There are many obvious, and a few less obvious reasons, why I expect to have one of the best restaurant experiences of my life here. Of course, Attica is Melbourne’s highest ranked restaurant on any number of guides, over a number of years. The less obvious reason is that I already rank Ben Shewry’s temple as one of the top experiences I’ve had in Australia, and around the world. But that was five years ago. Now that it is mentioned in the same breath as some of the world’s greatest restaurants, you hope for the small (but important) improvements you’ve read a little about to take it to the next level.
As we walk out the back to the restaurant garden, to be greeted by one of the pastry chefs, and are offered tea and a home made mint slice biscuit (that is delicious), we get a chance to reflect on one of our great meals in the cold winter air. So far, in the lead up to dessert, we have tried twelve snacks, and four courses of savoury dishes. There are highlights; but there are no lowlights. It is hard to imagine being happier with a meal. Attica is putting an emphasis on native Australian ingredients, in a completely approachable manner, with hardly an ounce of pomp.

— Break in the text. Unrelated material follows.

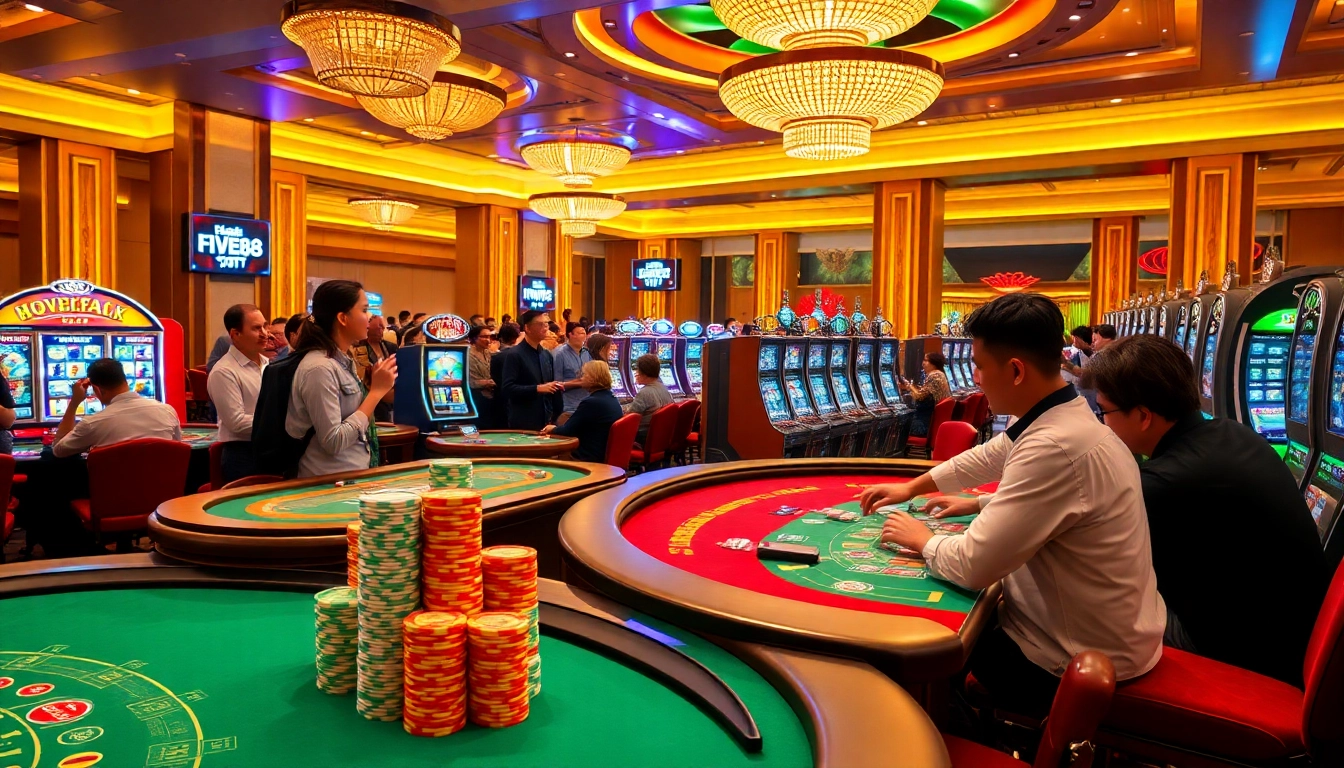 Experience the excitement of FIVE88 Casino with vibrant gaming tables and thrilling action.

Personally I like challenging food that makes you think and take notice, and there are different ways to achieve wonder and awe. At Orana, which also has an Australiana focus, you are presented with ingredients like green ants that do taste great, but are challenging to approach. I think Attica is making you take notice in a different way, with more subtlety, and some familiarity in the flavour combinations.
An example that has stuck in my mind for this past week is the saltbush fed lamb pie. Classical Australian presentation (resting on a brown paper bag), the pie has some manchego grated over it, and there is vegemite in the filling with the saltbush lamb. It is brilliant, absolutely brilliant, and I can’t stop thinking about it. There is some challenge in a few ingredients though.
To preface, I haven’t mentioned service yet, but our waitpersons use the perfect balance of professionalism and friendliness, along with genuine care. Towards the beginning we have a conversation about the meal ahead. It is the type of discussion that puts you at ease because you realise that your waitpersons are there to guide and improve your experience, and there doesn’t seem to be this overarching will of the chefs being pushed upon you, like some other fine dining establishments.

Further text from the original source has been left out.